** The data **

= = = = = = =

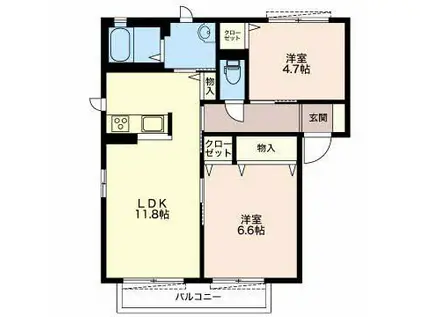 アミティエ神明(2LDK/2階)の間取り写真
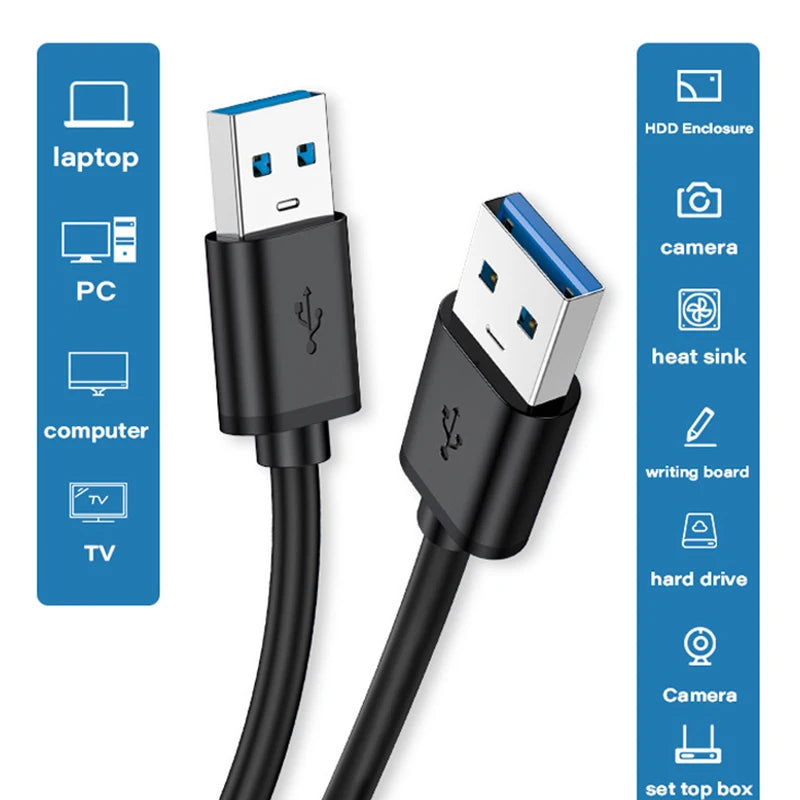 Cabo USB 3.0 curto com conector duplo USB A macho para gabinete de HDD.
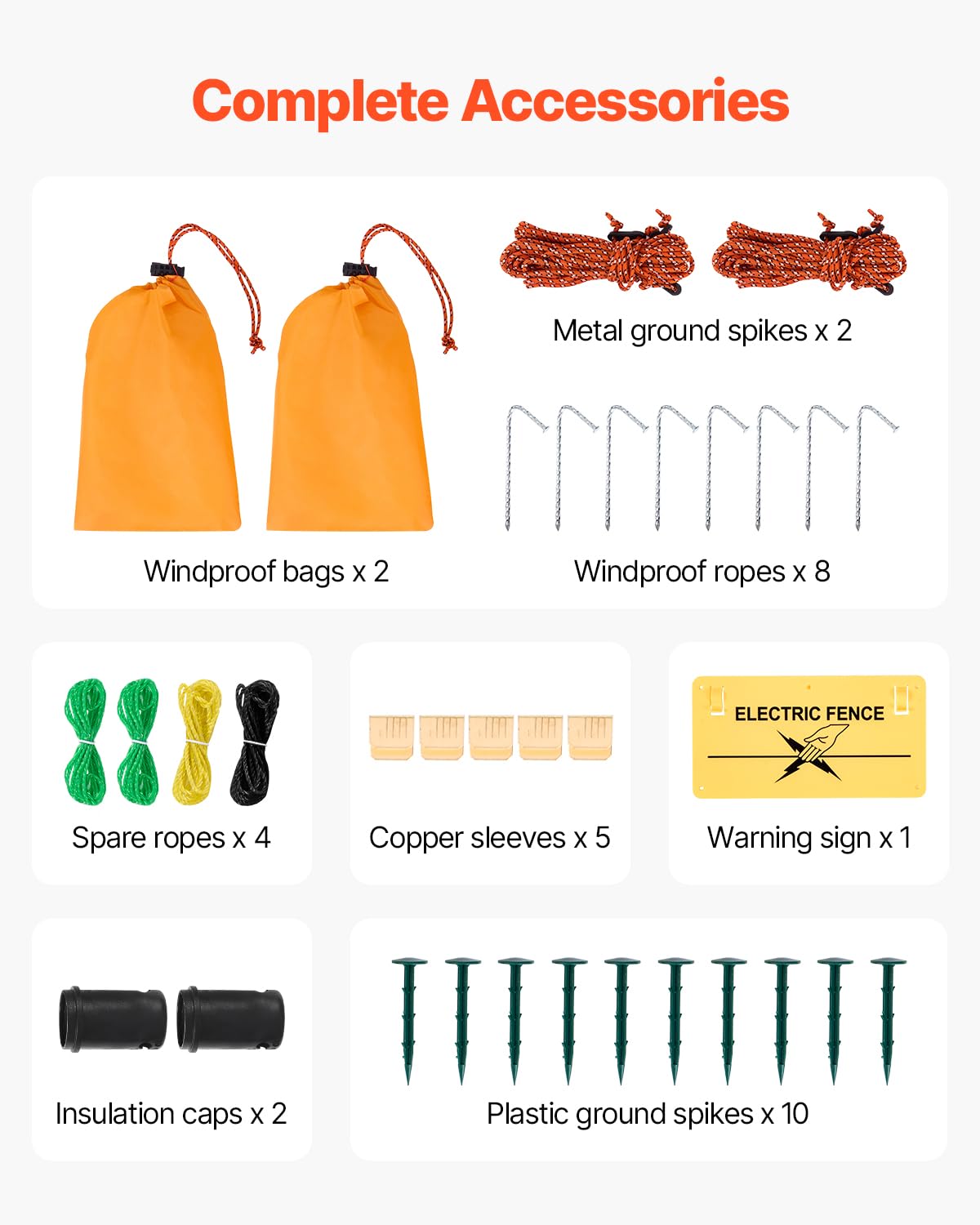 VEVOR Rete per Recinzione di Pascoli, 1,27 x 50 m, Rete per Pecore con Pali e Picchetti, Recinzione Portatile per Capre, Cervi, Maiali, Cani da Cortile, Giardino, Fattorie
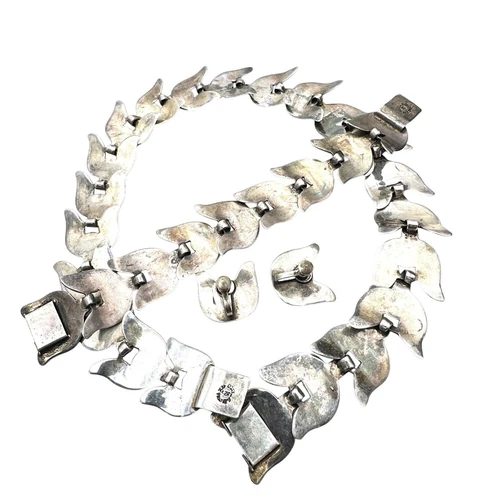 Antique Taxco Mexico LS Sterling Silver Necklace Bracelet Earrings 135 Grams - Picture 5 of 5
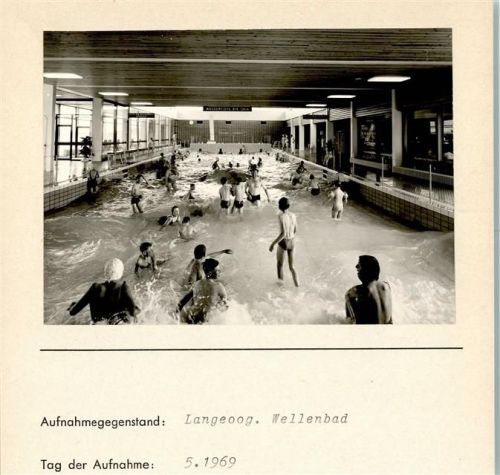 Langeoog Wellenbad Innenaufnahme Foto montiert auf Karton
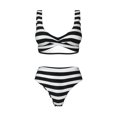 thumbnail image 5 of Honeii Black And White Stripes Print Women’s Bikini Set,Two Piece Swimsuit Bathing Suits,Stylish High Elasticity Swimwear for Beach and Pool, 5 of 7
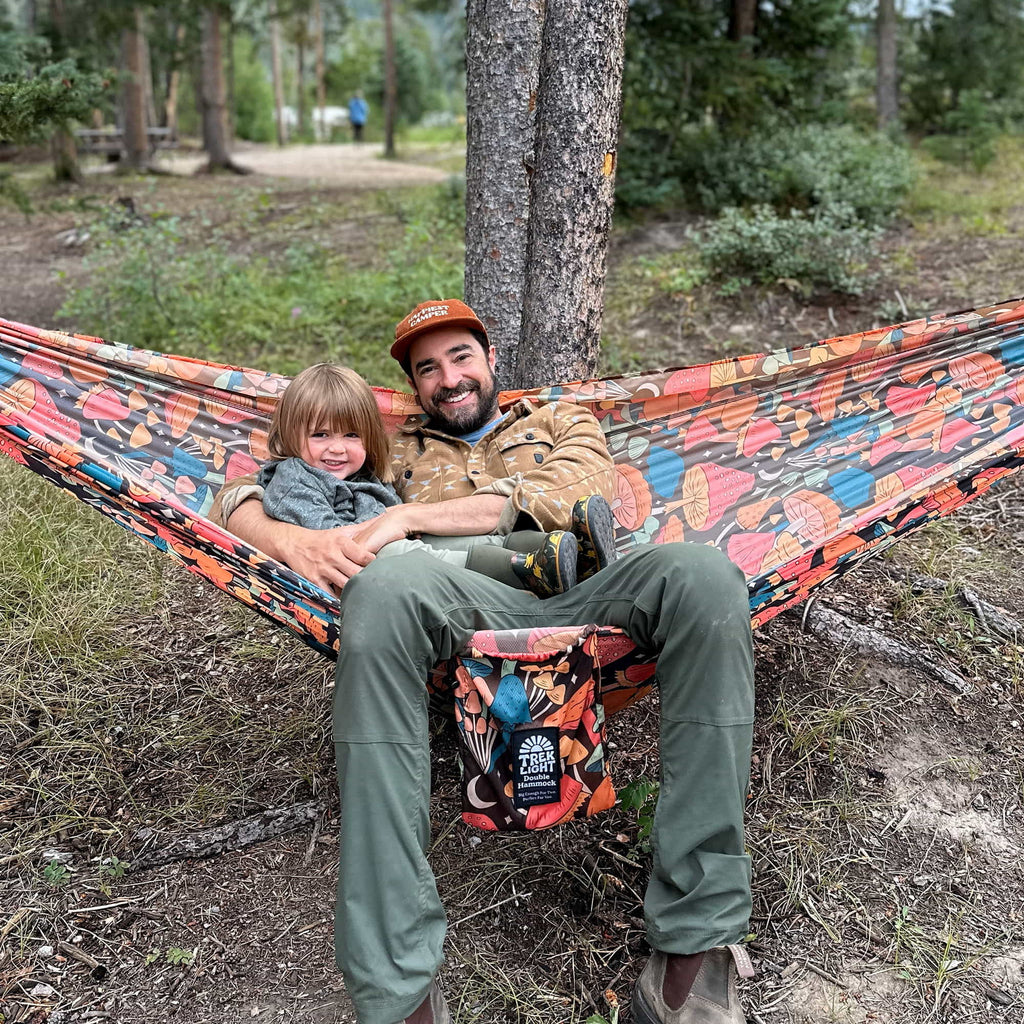Double Hammock & Pro Hanging Straps (Midnight Mushroom Print) - Paranoid Ranch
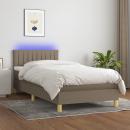 Boxspringbett mit Matratze & LED Taupe 90x190 cm Stoff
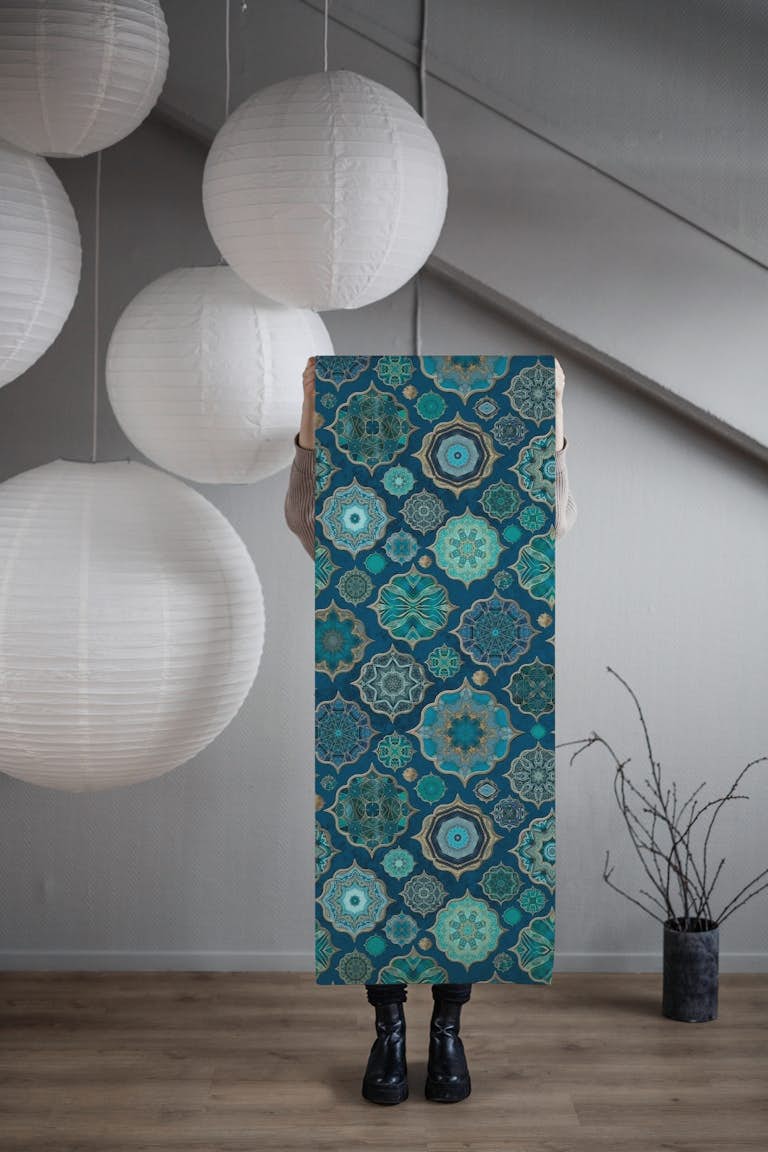 Moroccan Tiles Teal Luxury papiers peint roll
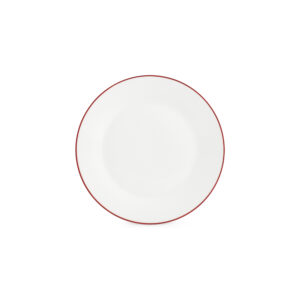 Plat bord 20cm burgundy rim Basic White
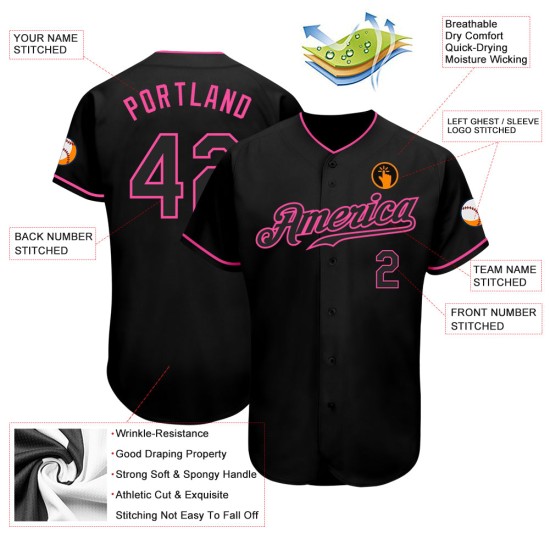 Baseball Schwarz-Rosa Trikot Custom Schwarz Authentic Baseball Schwarz-Rosa Trikot Custom Schwarz Authentic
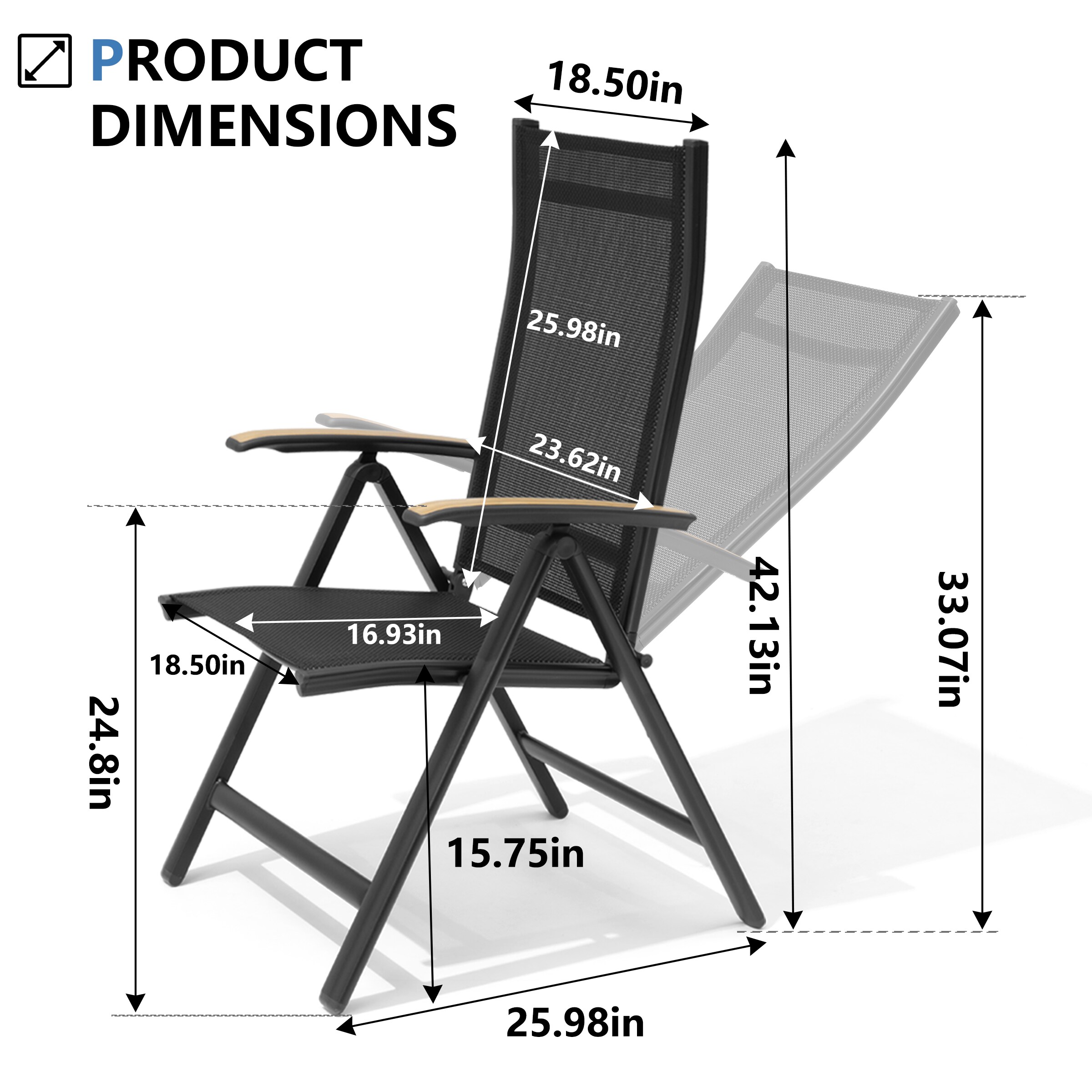 Pellebant ST25-DC071BLK-2 Patio-Chairs - View #3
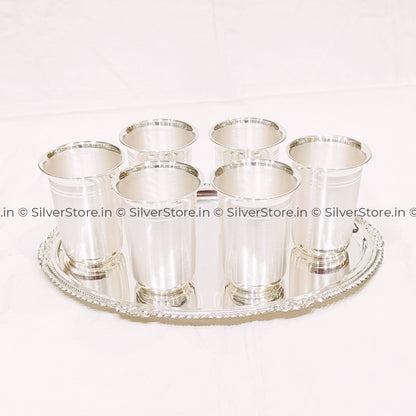 Silver Glass And Tray Set- Bis Hallmark - Pack Of 7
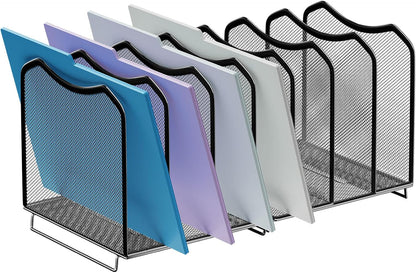 5-Section Vertical File Organizer, Black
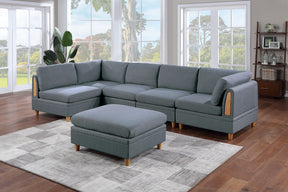 Contemporary Living Room Furniture 6pc Modular Corner Sectional Set Steel Dorris Fabric Couch 2x Wedges 3x Armless Chair And 1x Ottoman - sold by Home Elegance USA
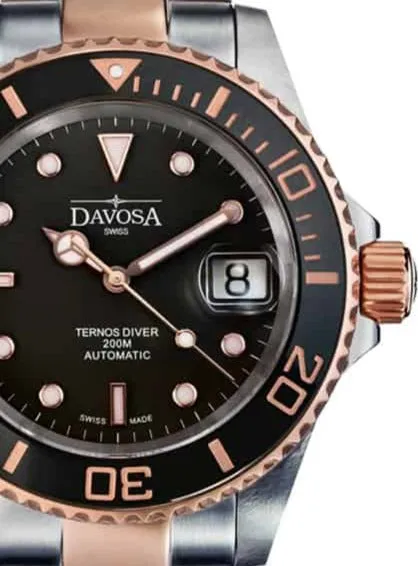 Ternos Ceramic Automatic Swiss-Made Black Rose Gold Diving Watch 16155565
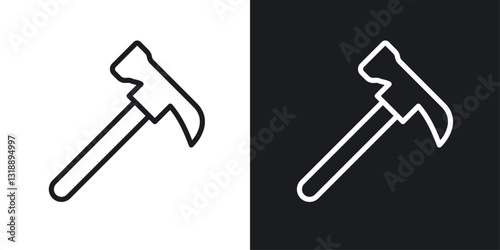 Hammer icons set in black and white stroke lines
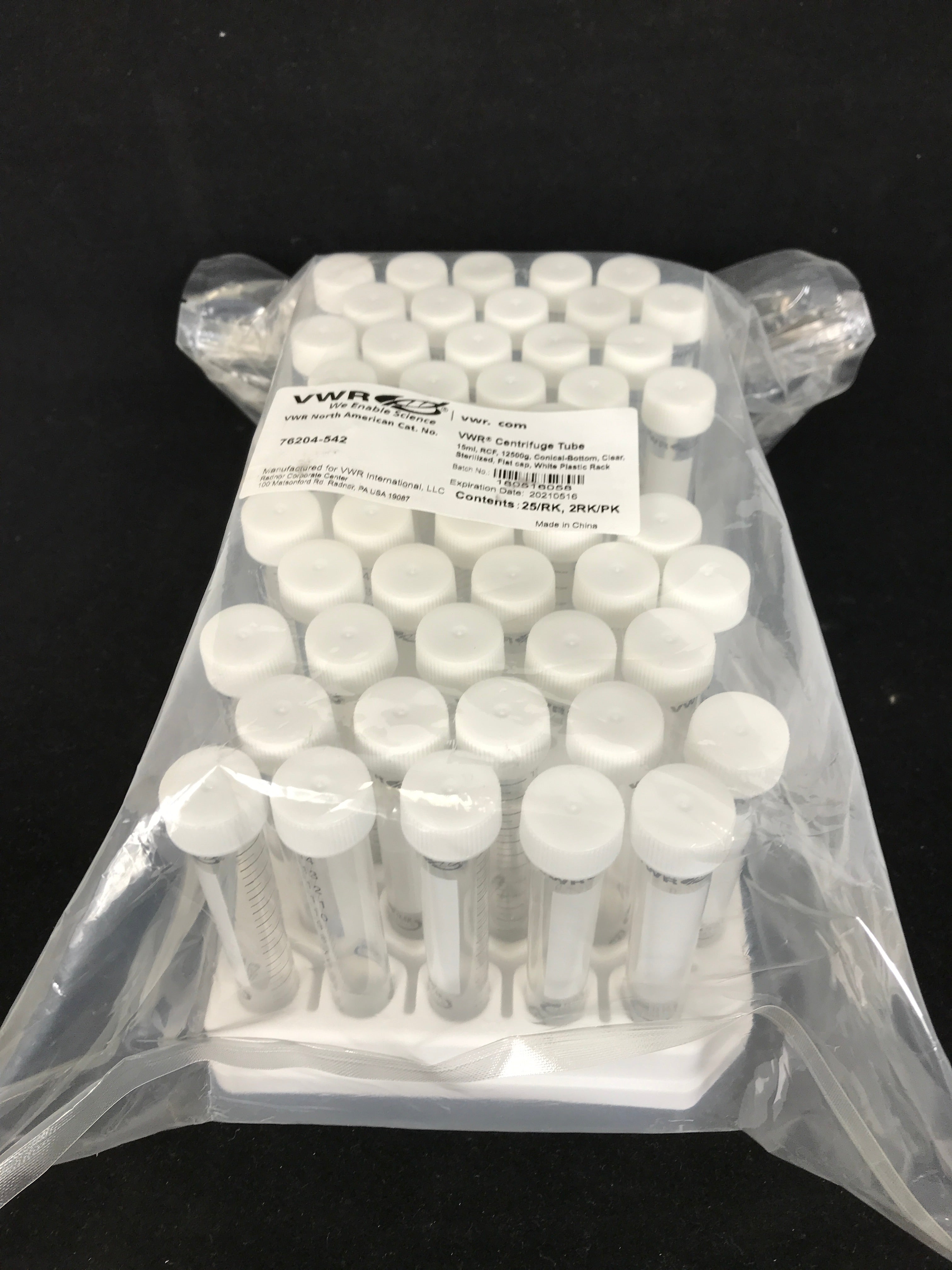 VWR 15mL Centrifuge Tubes with Caps Sealed Pack of 50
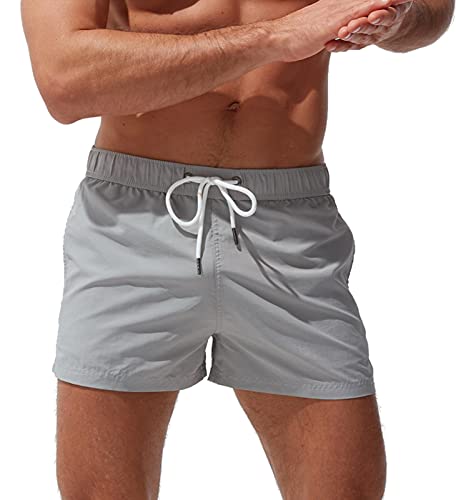 FEOYA Herren Beachshorts Reißverschlusstasche Strand Shorts Atmungsaktiv Badehose Badeshorts Schwimmhose Schwimmshorts Schnelltrocknend mit Verstellbarem Tunnelzug Wasserabweisend-Grau-XL von FEOYA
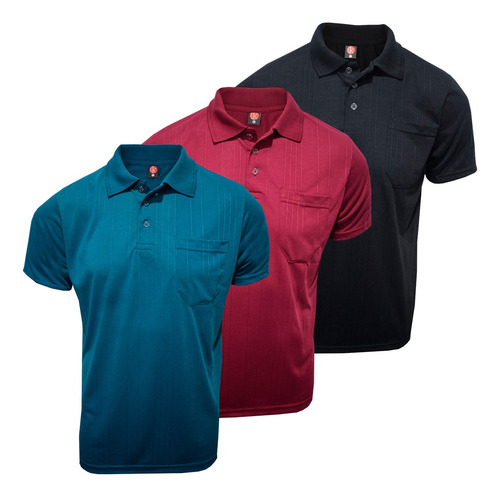 Camisa Polo Com Bolso Poliester E Viscose Kit 3 Peças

= = = = = = =

Please set down exactly the lines from the one holding "Ternos Ceramic Automatic" through the last line of the entries, both ends included, and skip pictures.

** Response **
 Ternos Ceramic Automatic Swiss-Made Black Rose Gold Diving Watch 16155565
 Hammer icons set in black and white stroke lines
 VWR 15mL Centrifuge Tubes with Caps Sealed Pack of 50
 FEOYA Herren Beachshorts Reißverschlusstasche Strand Shorts Atmungsaktiv Badehose Badeshorts Schwimmhose Schwimmshorts Schnelltrocknend mit Verstellbarem Tunnelzug Wasserabweisend-Grau-XL von FEOYA
 Camisa Polo Com Bolso Poliester E Viscose Kit 3 Peças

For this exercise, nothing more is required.